O governo federal apresentou nesta quarta-feira (1º) uma estratégia ambiciosa para posicionar a biodiversidade brasileira como um dos principais pilares do desenvolvimento econômico do país até 2035. O Plano Nacional de Desenvolvimento da Bioeconomia (PNDBio) foi desenhado para abranger desde comunidades extrativistas até grandes indústrias, criando um novo ciclo de prosperidade baseado no uso sustentável dos recursos naturais.
Segundo a secretária nacional de Bioeconomia do Ministério do Meio Ambiente e Mudança do Clima, Carina Pimenta, o plano representa uma mudança de paradigma. "Trata-se de uma estratégia de desenvolvimento nacional que olha para os ativos ambientais não apenas do ponto de vista da conservação, mas de como fazer o uso deles dentro das atividades econômicas, gerando um novo ciclo de prosperidade", explicou.
A ministra do Meio Ambiente e Mudança do Clima, Marina Silva, reforçou que a bioeconomia pensada para o Brasil é inclusiva. "Há lugar para extrativista, para industrial do cosmético, dos fármacos. É uma bioeconomia para um novo ciclo de prosperidade", afirmou durante o lançamento, que contou também com a presença do vice-presidente da República, Geraldo Alckmin.
O PNDBio está organizado em três eixos principais: Sociobioeconomia e ativos ambientais, Bioindustrialização competitiva e Produção sustentável de biomassa. Cada um deles traz metas concretas e prazos definidos.
No eixo de sociobioeconomia, o plano prevê a estruturação de um ecossistema de negócios comunitários, com apoio a 6 mil empreendimentos e aumento de 20% nos contratos da linha de financiamento do Programa Nacional de Fortalecimento da Agricultura Familiar (Pronaf) para produtores de baixa renda. A meta é duplicar o valor bruto produzido ao ano a partir da sociobiodiversidade.
Um dos pontos mais significativos é a ampliação do pagamento por serviços ambientais, com previsão de beneficiar 300 mil pessoas entre povos e comunidades tradicionais. Também está previsto um aumento de 50% até 2035 no número de organizações que podem receber benefícios da repartição de benefícios do patrimônio genético - conjunto de informações contidas em plantas, animais e microrganismos utilizados pela indústria.

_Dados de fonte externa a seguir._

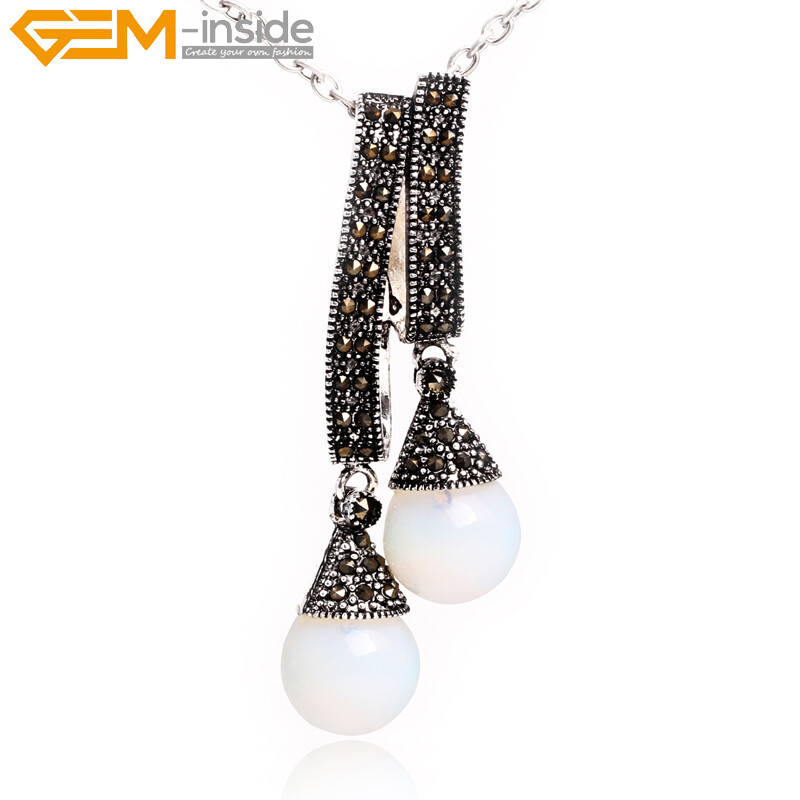 Silver Crystal Marcasite Gemstones Double Enhancer Jewelry Necklace Pendant 12mm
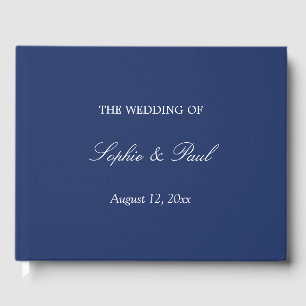 Elegant Navy Blue Bruiloft Gastenboek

No campo da saúde, o plano estabelece a incorporação de novos fitoterápicos no Sistema Único de Saúde (SUS) e um aumento de 5% na participação desse tipo de medicamento no faturamento da indústria farmacêutica nacional. "Estamos falando de valorizar nosso conhecimento tradicional e transformá-lo em produtos que beneficiem toda a população", destacou Carina Pimenta.
Para o turismo sustentável, o PNDBio prevê a concessão de 60 Unidades de Conservação para promoção de ecoturismo, além da recuperação de 2,3 milhões de hectares de vegetação nativa integrados às cadeias da bioeconomia e a consolidação de 30 territórios de restauração no país.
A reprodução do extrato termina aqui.